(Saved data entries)
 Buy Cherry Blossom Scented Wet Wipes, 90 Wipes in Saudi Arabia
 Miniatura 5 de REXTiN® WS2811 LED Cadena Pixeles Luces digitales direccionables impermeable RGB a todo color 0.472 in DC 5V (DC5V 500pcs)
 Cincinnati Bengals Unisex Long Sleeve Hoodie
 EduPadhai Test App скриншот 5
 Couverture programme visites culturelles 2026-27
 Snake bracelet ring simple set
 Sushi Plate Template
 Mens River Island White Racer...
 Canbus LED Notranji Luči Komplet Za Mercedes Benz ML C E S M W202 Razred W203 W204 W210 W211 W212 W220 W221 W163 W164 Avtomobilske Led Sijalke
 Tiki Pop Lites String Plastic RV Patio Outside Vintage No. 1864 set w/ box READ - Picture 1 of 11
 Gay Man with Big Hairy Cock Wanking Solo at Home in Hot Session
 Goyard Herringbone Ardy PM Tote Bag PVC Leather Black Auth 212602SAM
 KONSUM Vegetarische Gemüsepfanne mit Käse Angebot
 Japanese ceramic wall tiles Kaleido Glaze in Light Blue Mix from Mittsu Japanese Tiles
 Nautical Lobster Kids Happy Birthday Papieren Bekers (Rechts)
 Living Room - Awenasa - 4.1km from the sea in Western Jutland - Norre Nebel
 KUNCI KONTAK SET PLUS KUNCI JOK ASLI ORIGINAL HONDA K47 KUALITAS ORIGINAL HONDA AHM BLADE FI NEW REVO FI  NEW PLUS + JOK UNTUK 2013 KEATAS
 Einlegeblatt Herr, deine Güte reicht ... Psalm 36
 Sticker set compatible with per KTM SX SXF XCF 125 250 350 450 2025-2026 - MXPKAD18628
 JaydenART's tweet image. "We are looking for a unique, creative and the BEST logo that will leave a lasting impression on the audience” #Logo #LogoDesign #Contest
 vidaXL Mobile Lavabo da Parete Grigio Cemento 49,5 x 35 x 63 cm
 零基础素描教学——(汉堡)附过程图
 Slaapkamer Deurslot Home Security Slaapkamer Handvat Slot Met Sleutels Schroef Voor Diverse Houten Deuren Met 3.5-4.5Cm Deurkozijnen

» INSTRUCTIONS FOR THE TASK
Please retype the entries above in full, exactly as they stand.

» COMPLETED TASK
 Buy Cherry Blossom Scented Wet Wipes, 90 Wipes in Saudi Arabia
 Miniatura 5 de REXTiN® WS2811 LED Cadena Pixeles Luces digitales direccionables impermeable RGB a todo color 0.472 in DC 5V (DC5V 500pcs)
 Cincinnati Bengals Unisex Long Sleeve Hoodie
 EduPadhai Test App скриншот 5
 Couverture programme visites culturelles 2026-27
 Snake bracelet ring simple set
 Sushi Plate Template
 Mens River Island White Racer...
 Canbus LED Notranji Luči Komplet Za Mercedes Benz ML C E S M W202 Razred W203 W204 W210 W211 W212 W220 W221 W163 W164 Avtomobilske Led Sijalke
 Tiki Pop Lites String Plastic RV Patio Outside Vintage No. 1864 set w/ box READ - Picture 1 of 11
 Gay Man with Big Hairy Cock Wanking Solo at Home in Hot Session
 Goyard Herringbone Ardy PM Tote Bag PVC Leather Black Auth 212602SAM
 KONSUM Vegetarische Gemüsepfanne mit Käse Angebot
 Japanese ceramic wall tiles Kaleido Glaze in Light Blue Mix from Mittsu Japanese Tiles
 Nautical Lobster Kids Happy Birthday Papieren Bekers (Rechts)
 Living Room - Awenasa - 4.1km from the sea in Western Jutland - Norre Nebel
 KUNCI KONTAK SET PLUS KUNCI JOK ASLI ORIGINAL HONDA K47 KUALITAS ORIGINAL HONDA AHM BLADE FI NEW REVO FI  NEW PLUS + JOK UNTUK 2013 KEATAS
 Einlegeblatt Herr, deine Güte reicht ... Psalm 36
 Sticker set compatible with per KTM SX SXF XCF 125 250 350 450 2025-2026 - MXPKAD18628
 JaydenART's tweet image. "We are looking for a unique, creative and the BEST logo that will leave a lasting impression on the audience” #Logo #LogoDesign #Contest
 vidaXL Mobile Lavabo da Parete Grigio Cemento 49,5 x 35 x 63 cm
 零基础素描教学——(汉堡)附过程图
 Slaapkamer Deurslot Home Security Slaapkamer Handvat Slot Met Sleutels Schroef Voor Diverse Houten Deuren Met 3.5-4.5Cm Deurkozijnen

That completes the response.